On Fri 10-02-17 17:15:59, Yisheng Xie wrote:
> Hi Michal,
>
> Thanks for comment!
> On 2017/2/10 16:52, Michal Hocko wrote:
> > On Fri 10-02-17 16:48:58, Yisheng Xie wrote:
> >> Hi Michal,
> >>
> >> Thanks for comment!
> >> On 2017/2/10 15:09, Michal Hocko wrote:
> >>> On Fri 10-02-17 09:13:58, Yisheng Xie wrote:
> >>>> hi Michal,
> >>>> Thanks for your comment.
> >>>>
> >>>> On 2017/2/9 21:41, Michal Hocko wrote:
> > [...]
> >>>>>> OK, so this is a memcg OOM killer which panics because the configuration
> >>>>>> says so. The OOM report doesn't say so and that is the bug. dump_header
> >>>>>> is memcg aware and mem_cgroup_out_of_memory initializes oom_control
> >>>>>> properly. Is this Vanilla kernel?
> >>>>
> >>>> That means we should raise the limit of that memcg to avoid memcg OOM killer, right?
> >>>
> >>> Why do you configure the system to panic on memcg OOM in the first
> >>> place.

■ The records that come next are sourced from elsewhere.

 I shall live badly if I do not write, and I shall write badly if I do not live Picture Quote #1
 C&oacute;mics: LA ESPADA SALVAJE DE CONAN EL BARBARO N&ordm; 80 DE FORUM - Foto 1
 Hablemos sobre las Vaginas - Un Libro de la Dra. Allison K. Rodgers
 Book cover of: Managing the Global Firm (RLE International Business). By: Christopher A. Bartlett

This is a wrong thing to do in 99% of cases.
> >>
> >> For our production think it should use reboot to recovery the system when OOM,
> >> instead of killing user's key process. Maybe not the right thing.
> >
> > I can understand that for the global oom killer but not for memcg. You
> > can recover the oom even without killing any process. You can simply
> > increase the limit from the userspace when the oom event is triggered.
>
> So you mean set oom_kill_disable and increase the limit from userspace
> when memcg under_oom, right?

yes
--
Michal Hocko
SUSE Labs